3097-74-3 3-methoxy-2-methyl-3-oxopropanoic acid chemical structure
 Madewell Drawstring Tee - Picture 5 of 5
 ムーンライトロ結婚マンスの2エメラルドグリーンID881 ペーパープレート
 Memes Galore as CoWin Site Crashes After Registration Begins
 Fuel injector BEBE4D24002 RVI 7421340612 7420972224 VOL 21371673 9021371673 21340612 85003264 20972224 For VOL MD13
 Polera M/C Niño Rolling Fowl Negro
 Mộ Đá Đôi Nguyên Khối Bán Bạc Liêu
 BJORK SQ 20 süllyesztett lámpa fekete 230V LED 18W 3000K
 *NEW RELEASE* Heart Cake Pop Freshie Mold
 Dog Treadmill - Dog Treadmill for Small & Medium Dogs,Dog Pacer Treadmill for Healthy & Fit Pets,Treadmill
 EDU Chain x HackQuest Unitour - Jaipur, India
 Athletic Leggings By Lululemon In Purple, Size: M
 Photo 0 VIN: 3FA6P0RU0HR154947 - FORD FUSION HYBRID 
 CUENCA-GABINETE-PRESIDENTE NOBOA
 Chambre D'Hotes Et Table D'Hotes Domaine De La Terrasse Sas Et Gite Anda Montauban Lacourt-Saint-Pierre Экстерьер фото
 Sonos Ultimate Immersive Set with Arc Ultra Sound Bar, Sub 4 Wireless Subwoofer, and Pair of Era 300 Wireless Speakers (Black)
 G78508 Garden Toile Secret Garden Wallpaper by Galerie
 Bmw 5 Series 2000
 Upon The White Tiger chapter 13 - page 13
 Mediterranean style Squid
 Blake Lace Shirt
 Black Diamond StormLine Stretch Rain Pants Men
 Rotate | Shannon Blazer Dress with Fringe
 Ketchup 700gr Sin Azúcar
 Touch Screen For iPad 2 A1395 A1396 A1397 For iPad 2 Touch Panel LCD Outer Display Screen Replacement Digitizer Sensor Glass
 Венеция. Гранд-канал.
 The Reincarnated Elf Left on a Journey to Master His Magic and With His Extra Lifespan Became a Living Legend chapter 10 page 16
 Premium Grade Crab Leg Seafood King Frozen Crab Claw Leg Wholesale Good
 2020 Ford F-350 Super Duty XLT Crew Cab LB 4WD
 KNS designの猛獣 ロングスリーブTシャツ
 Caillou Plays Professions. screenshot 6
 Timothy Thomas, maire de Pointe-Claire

AIM OF THE EXERCISE
Take the first line of the material above as the start and the line that contains "Memes Galore as" as the end. Output only that span, every line exactly as it stands.

FINISHED TASK
3097-74-3 3-methoxy-2-methyl-3-oxopropanoic acid chemical structure
 Madewell Drawstring Tee - Picture 5 of 5
 ムーンライトロ結婚マンスの2エメラルドグリーンID881 ペーパープレート
 Memes Galore as CoWin Site Crashes After Registration Begins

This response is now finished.